« Derrière chaque dossier se cache une personne »

À l’occasion du jubilé de ceux qui rendent la justice, un juge administratif témoigne de la manière dont sa foi éclaire sa mission : veiller à la légalité de l’action publique, rechercher la vérité juridique avec prudence et force, et considérer chaque personne avec dignité et charité.

En quoi consiste votre travail ?

Je suis magistrat dans les juridictions administratives : ce sont les tribunaux et cours d'appels qui jugent les litiges entre les particuliers et les administrations, que ce soient l'État, les collectivités locales ou les établissements publics, un ordre de juridiction dont la juridiction la plus élevée est le Conseil d'État, parallèle aux juridictions judiciaires et pénales qui dépendent en dernier ressort de la Cour de cassation.

Mon rôle est d'assurer la légalité de l'action publique, de veiller à ce que les personnes qui s'estiment lésées du fait de l'action d'une administration ou d'un organisme public, puissent trouver réparation.

Comment votre foi éclaire-t-elle votre manière de rendre la justice ?

Rendre la justice est une fonction sociale, qui ne se résume pas à une question purement humaine toutefois : cette fonction permet de participer à l'œuvre de Dieu, à la construction d'une société juste et équilibrée, à la résolution de conflits et à l'apaisement.

La foi permet aussi de considérer dignement et avec charité toutes les personnes qui ont recours à la justice et celles qui interviennent dans le processus du jugement (avocats, collègues juges ou greffiers).

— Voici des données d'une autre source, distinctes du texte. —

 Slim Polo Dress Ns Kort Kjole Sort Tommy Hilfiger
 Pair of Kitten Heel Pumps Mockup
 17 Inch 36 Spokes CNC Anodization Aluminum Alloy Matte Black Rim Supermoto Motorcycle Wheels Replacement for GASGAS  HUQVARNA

En quoi le travail minutieux d’étude des dossiers peut-il devenir prière et offrande à Dieu ?

Le travail minutieux des dossiers a pour finalité d'arriver à cerner au plus juste ce qui est demandé et ce que l'on peut délivrer comme réponse. Cela demande de savoir poser la première pierre de son travail, mais surtout d'avoir la force d'aller jusqu'au bout, de donner le maximum de soi, ce qui demande toujours un effort, avec le désir d'apporter la meilleure réponse possible pour le requérant et dans le respect des règles fixées par la société : pour un chrétien, il est essentiel de s'en remettre à la sagesse du Seigneur, de lui demander son aide et de lui offrir ce que l'on aura accompli, même imparfaitement.

Quelles vertus sont particulièrement nécessaires dans votre métier ?

La vertu de justice bien sûr, rendre à chacun ce qui lui est dû, mais aussi celle de force : avoir la force de résister à se laisser aller à la facilité (expédier un dossier pour s'en débarrasser), la force de ne pas se laisser embarquer par ses propres opinions ou émotions face à ce que disent les requérants et rester impartial.

La vertu de prudence est indispensable également : il convient de garder sa langue sur les faits dont on a connaissance, respecter une certaine discrétion envers les parties au procès mais aussi envers ses collègues, puisque le secret des délibérés doit être respecté.

La charité est essentielle, car derrière les dossiers et requêtes qui nous sont soumis, ce sont des personnes qui attendent une réponse et doivent retenir notre attention et notre bienveillance.

L’exigence de la vérité juridique est-elle compatible avec la miséricorde chrétienne ?

Oui bien sûr, il faut toujours s'assurer que l'on respecte un juste équilibre entre les deux, afin de ne pas déformer le métier de juge en faisant pencher la balance exagérément d'un côté ou de l'autre. La justice n'est pas exclusive de la miséricorde, car même en rendant une décision défavorable envers une personne, si on l'a vraiment considérée comme un être humain et non un numéro, digne d'être écoutée de manière juste et sincère et que la décision est la plus juste possible, alors on aura aussi fait preuve de miséricorde.